I'm waiting for the big question from my 7-year-old. Not the one about where babies come from. Been there and done that one. That’s so last year. No, I’m thinking about the question that has to do with today, Good Friday. The one that asks, why is this day called good? Jesus died by one of the most grisly methods of execution ever devised by the human imagination. If we read his death through the lens of the resurrection, we may understand the adjective good a bit better, but we're still left with the paradox that Jesus's death saves the world AND was an act of profound evil. On one hand, Jesus resolutely walks to Jerusalem. In John’s gospel in particular, he goes forth to meet his executioners. He sees in his impending death the glorification of God. In John’s gospel, he carries his own cross. And yet all four gospels are equally emphatic that Jesus is innocent, falsely accused, that his execution is unjust, motivated by expediency and power. Jesus is, in some way, supposed to die AND it is wrong for him to die.

If this paradox hasn't bothered you at some point in your life, you haven't been paying attention. It's bothered enough Christians over the centuries that a whole shopping cartful of theologies have emerged to explain it. Some are helpful, many are not.

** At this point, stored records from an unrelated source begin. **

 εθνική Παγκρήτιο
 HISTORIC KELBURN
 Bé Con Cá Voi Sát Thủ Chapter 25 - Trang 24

Among the least helpful, to my way of thinking, teaches that God had Jesus suffer for sins he did not commit so that God can forgive us the sins we do commit. This viewpoint suggests that the ultimate point of the Incarnation was to produce a suitable victim for sacrifice; that God had planned this all along; that God ultimately sacrificed his own Son in a way that God himself did not require of Abraham, two thousand years earlier. That this is how God so loved the world.

It’s a convenient theology insofar as it assumes that bloodshed and forgiveness are somehow linked together in the mind of God. That in order for chaos to end and order to be restored, blood must be shed. This troublesome theology enables us to project on to God all the violence that more properly lies within the darkness of our human hearts. We come to believe that we can scapegoat others because, after all, that’s how God works. Scapegoating violence becomes normative, expected, maybe even glorified in some way. We build it into our popular culture – the loner cop who blows away the bad guys with his 44 magnum, for example, thereby restoring law and order. We build it into our vocabulary: making a pre-emptive strike, for example. Kill or be killed. Fight fire with fire. Violence is normalized, blessed, and cheered.

Nothing much good about a Friday that leads us there.

Throughout the gospels, signs and wonders that Jesus himself performs point to his Messiahship. Those with eyes to see and ears to hear recognize that, in him, God is glorified. This can lead us to triumphalism OR it can lead us to a way of transformation. The way that leads to transformation suggests that God in Christ is showing us a different, better way: God’s way. In Christ, the hungry are fed, the lame walk, the blind see, the lepers are healed because God’s will for creation is always health and wholeness. Jesus is nobody’s victim, but he is our paradigm. Abused, he refuses to respond in kind. Humiliated and rejected, he does not retaliate. He does not call forth weapons of divine destruction from the cross. He does not spare himself the agony of death on a cross nor does he inflict it instead on those who would inflict it on him. He undergoes a horrifying human death and in so doing, visits the place of greatest fear within the human heart so that nothing, nothing is beyond the experience of God himself.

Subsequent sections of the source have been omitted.